Editor's note: This is one in a series of profiles on the candidates running for mayor of Santa Maria in the Nov. 3 election.
In his second run to be Santa Maria mayor, former Santa Maria-Bonita district employee Will Smith is standing by his goals from the 2016 campaign — beautification of the city, reducing homelessness and crime, and supporting small businesses.
Smith is running against incumbent Alice Patino and challenger Alberto Ugalde in an election that includes races for the City Council District 1 and 2 seats and the positions of city treasurer and city clerk.
In the 2016 general election, Smith earned 27% of the vote compared to Patino's 72%.
Originally from Savannah, Georgia, Smith boasts experience in several fields. Along with being an Air Force veteran, Smith has worked as a corrections officer at the Federal Corrections Institute in Lompoc, an educator and board member in the Santa Maria-Bonita School District, and a minister in Santa Maria.
"I have a very diverse background, and all of that has helped me in life, especially in politics, to get an understanding," Smith said.
His motto, he said, is "try something new," which he applies to local policy, strategies and leadership.
"If you keep saying what you can’t do, you’ll never do anything," Smith said. "Let’s try some new things. Like, 'Alright City Council, I can't do it by myself, I need your support. So are you willing to try something different?' And then we go back and evaluate it."
One of the ways to make this happen, he said, is to bring in new leadership, whether through term limits or another system. He believes the new district election process will bring new voices to the City Council, rather than maintaining it as a place for "the good old boys."
"You need to bring in some new energy, but at the same time I respect experience. If we have a good rotational system ... it will be a [win-win]," he said.
Smith believes small businesses need more support from city officials in Santa Maria to keep money in the city, rather than it being given to big businesses.
"The backbone of our city is small business," he said. "Let’s talk to the small business owners and say, 'What can we do to help you, and in turn, what will you do to help the city?'"
He also expects businesses to do their part in beautifying the city by maintaining their lawns and exteriors to meet a certain standard.
To more successfully police the community and reduce homelessness, Smith wants to see a stronger emphasis on community policing and stricter policies that lead to greater compliance.
He identified mental illness and substance abuse as huge issues in the homeless community, where not much can be done when someone denies help or treatment.

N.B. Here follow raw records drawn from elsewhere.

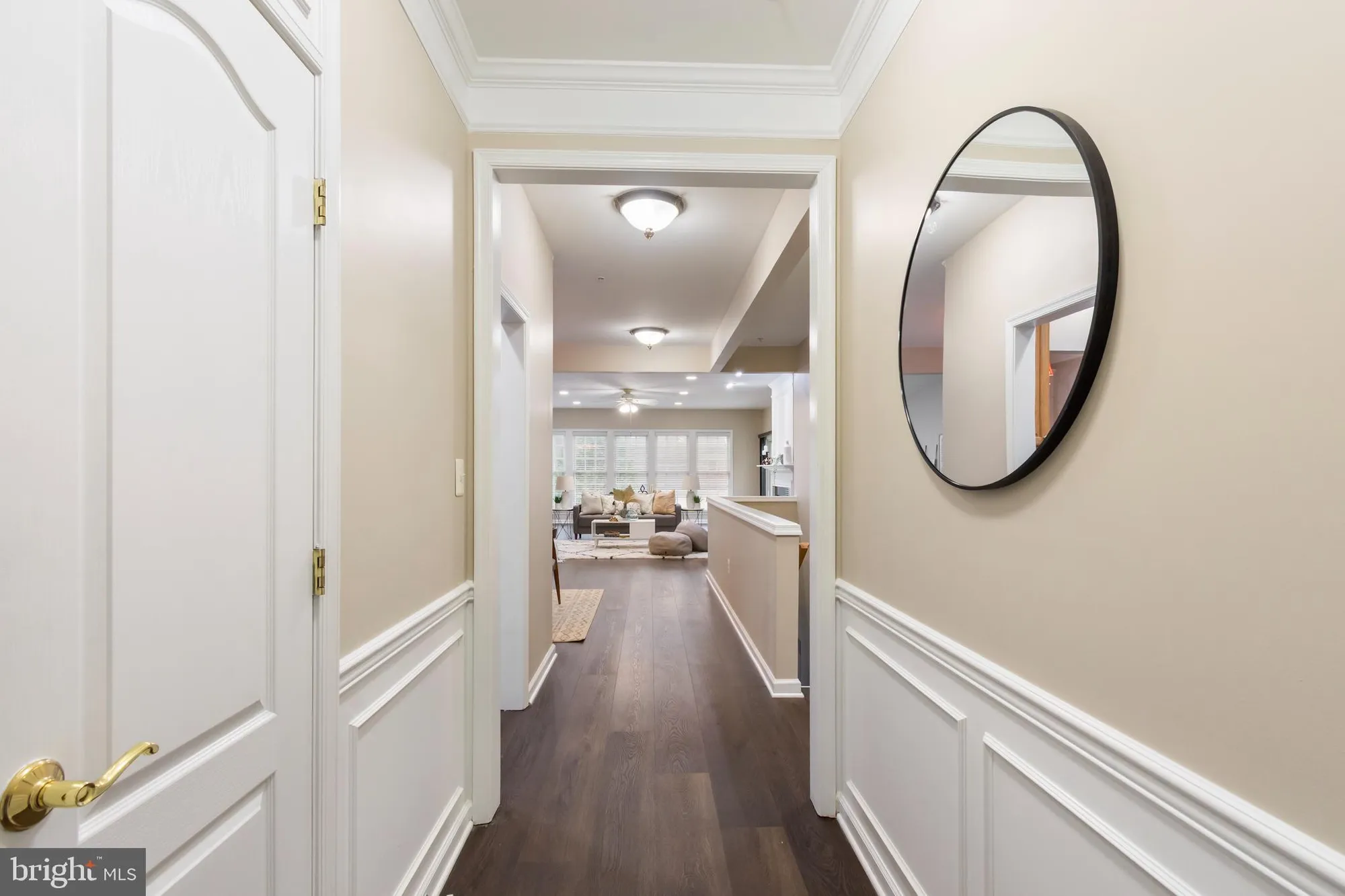 Property Slideshow image 4 of 40 | 8 hayride ln # 222, Taneytown, MD, 21787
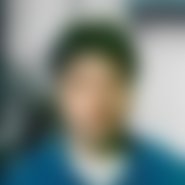 FreeForFun (58 Jahre) sucht Twinks und Sex im Freien in Westerwaldkreis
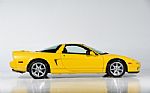 1997 NSX Thumbnail 12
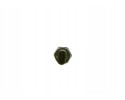 Rail pressure sensor ALFA ROMEO 147 159 1 Catalog number of the part 0 281 002 706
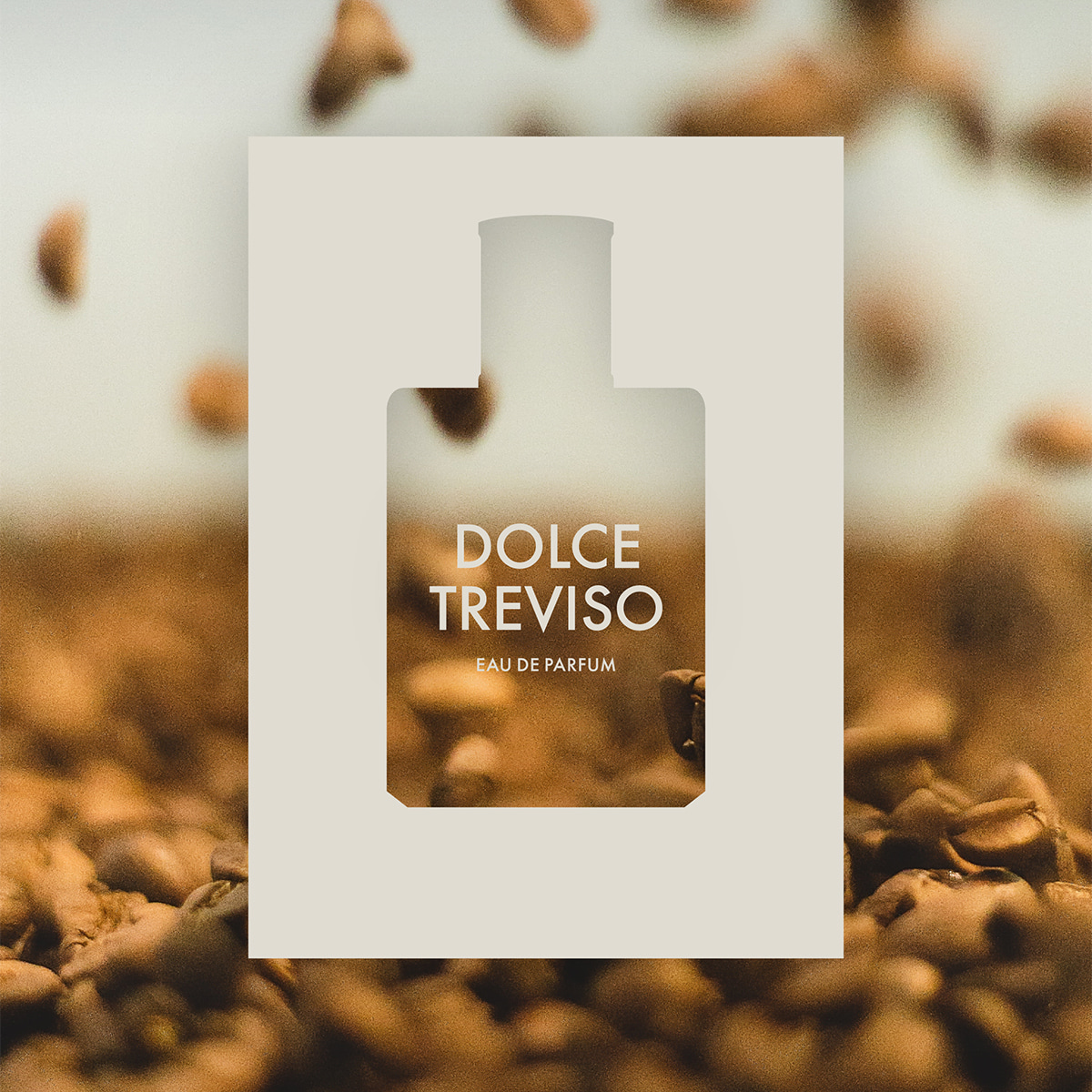 Eau de Parfum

He said he would like to see a specific unit within the Police Department to respond to mental health calls in an effort to better serve those individuals.
Smith said that while he values collaboration, he is not afraid to be divisive when it comes to the good of the community.
While serving as a teacher and board member in the Santa Maria-Bonita School District, he frequently clashed with district officials between 2000 and 2016.
After repeated suspensions during his time as a substitute and full-time teacher at El Camino and Arrellanes junior high schools for alleged misconduct including corporal punishment, poor teaching, insubordination and inappropriate use of internet sites, he resigned in a 2010 settlement with the district.
Smith has admitted he was suspended but denied any misconduct.
He was elected to the district school board the same year, where he was met with resistance when he pushed to have the district's buildings retrofitted to withstand earthquakes.
"I try to remember as an elected official, I don't represent myself, but I represent the people … Sometimes your decisions are not supported by your peers, but you have to remember who you represent," Smith said.
After some consternation and after Smith left the board, the buildings eventually were renovated.
Smith's teaching credentials were revoked by the California Commission on Teaching Credentials in 2013, a decision Smith appealed with the commission, the state appellate court and the state Supreme Court over the years with no success.
Smith maintains discrimination was at play, but he admits there were some things he did and said that he should not have. Now, he is looking ahead and asking the public for another shot at public office.
"I’ve overcome this. I’ve learned from it. I’ve learned if you move on, you forget it, you can’t harbor bad feelings," he said. "Give me a chance, let me try."